Site icon The Steeple Times

Larry and Leigh’s love nest

Small, unmodernised former home of Laurence Olivier and Vivien Leigh for sale for the extraordinary figure of £7.5 million

 

Built in 1850, Durham Cottage in Christchurch Street, Chelsea is a house “hidden behind a high dusty brick wall” that was the love nest of Laurence Olivier and Vivien Leigh between 1937 and 1956. Now, in totally unmodernised condition, the house is for sale after failing to sell at auction (despite a bid of £6,980,000).

 

A house with a history – Durham Cottage, 4 Christchurch Street, Chelsea, London, SW3 4AP
Vivien Leigh and Laurence Olivier at Durham Cottage with their cat New Boy in 1946

The webpage of selling agents Russell Simpson gives little away about Durham House’s past and simply describes it as “magical”. Totalling just 2,042 square foot in size and featuring 4 bedrooms, a bathroom, kitchen, reception room and garage, Olivier and Leigh came to live there after splitting from their respective partners whilst working together on Fire over England.

 

For the next two decades, this former coachman’s cottage was the London home of the couple and run by their small staff of a cook-housekeeper, Lady Olivier’s personal maid and a daily cleaner.

 

Of living there, Lady Olivier told The Sydney Morning Herald in 1954:

 

“It is in London and we’ve furnished it for our life here… It has a lot of drawbacks.
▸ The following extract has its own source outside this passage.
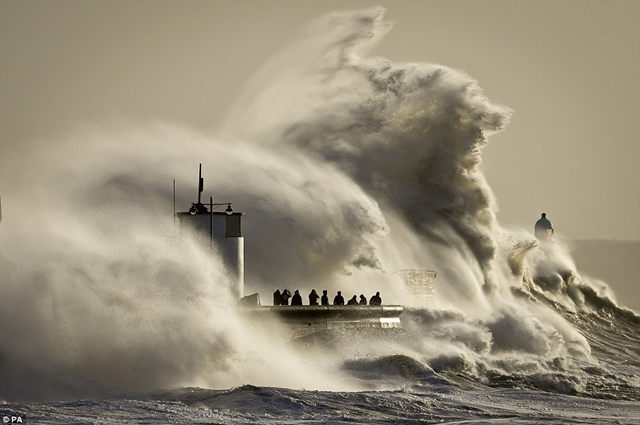 People photograph enormous waves as they break on Porthcawl, South Wales, where very strong winds and high seas from Winter Storm Hercules create dangerous conditions on 6 January 2014. Thrill-seekers were still risking their lives to storm-watch, defying guidance from police and the Environment Agency to stay away from dangerous coastlines. Photo: PA / Daily Mail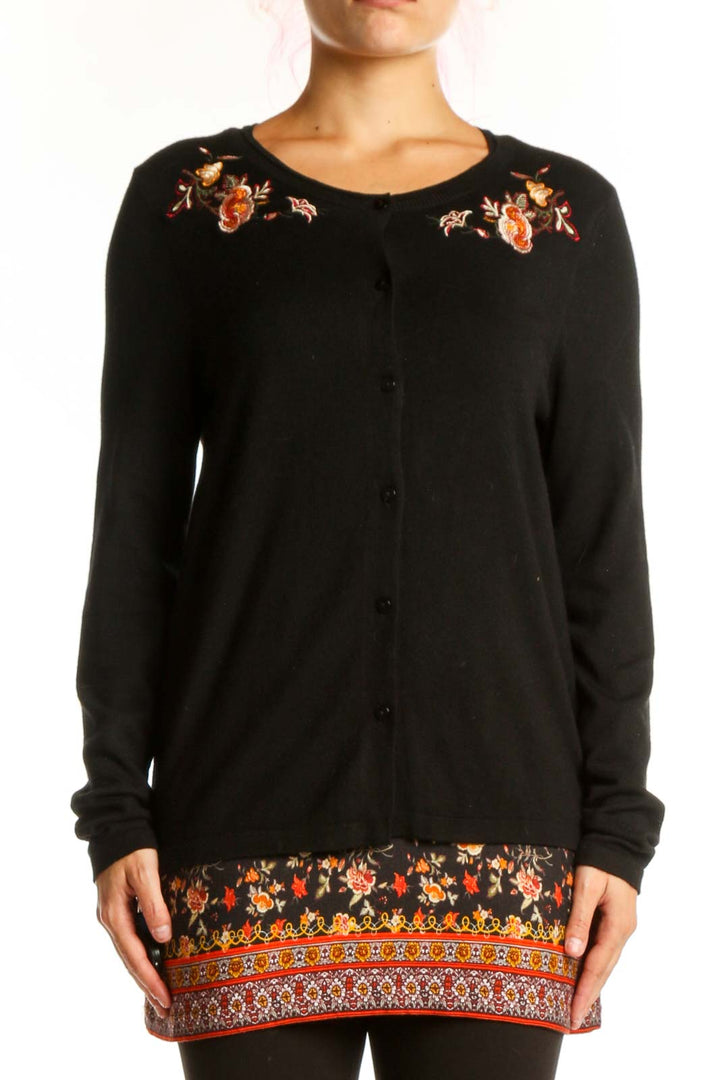 Black Desigual knit cardigan with orange and red floral embroidery on shoulders and hem, button-front closure, long sleeves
Nobody visiting it would ever dream it could be inconvenient or that those ‘fascinating’ stairs winding around, with the landing forming a balcony in the drawing-room, could be a nuisance”.

 

“Several years ago we built on the dining-room. Before that we used to eat in the entrance hall – you can imagine the drawbacks to that”.

 

The house is described as being “magical” but “unmodernised”
“The Sydney Morning Herald” featured Durham Cottage on the 25th February 1954

 

Furnishing the property was very much Lady Olivier’s department. In the same interview, she commented:

 

“I prefer muted shades in decorating – so much more restful to live with”.

 

“I have chosen no particular period in furnishing, although in the dining and drawing room it is nearly all Regency?”

 

“Do I consult Sir Laurence on furnishing? Well not exactly; I always tell him what I intend doing so that he has the opportunity of disagreeing – he never does”.

 

The cottage, the newspaper also reported, was peppered with painting by Degas, Corot, Hillier and Le Fauvre but the couple had no photographs in the house. “We can’t stand photographs of ourselves displayed in our home. We keep most of ours in albums” concluded Lady Olivier.

 

To Lady Olivier, Durham Cottage might “only [have been} a cottage” but with an asking price of £7,500,000, it’s now far from cheap one.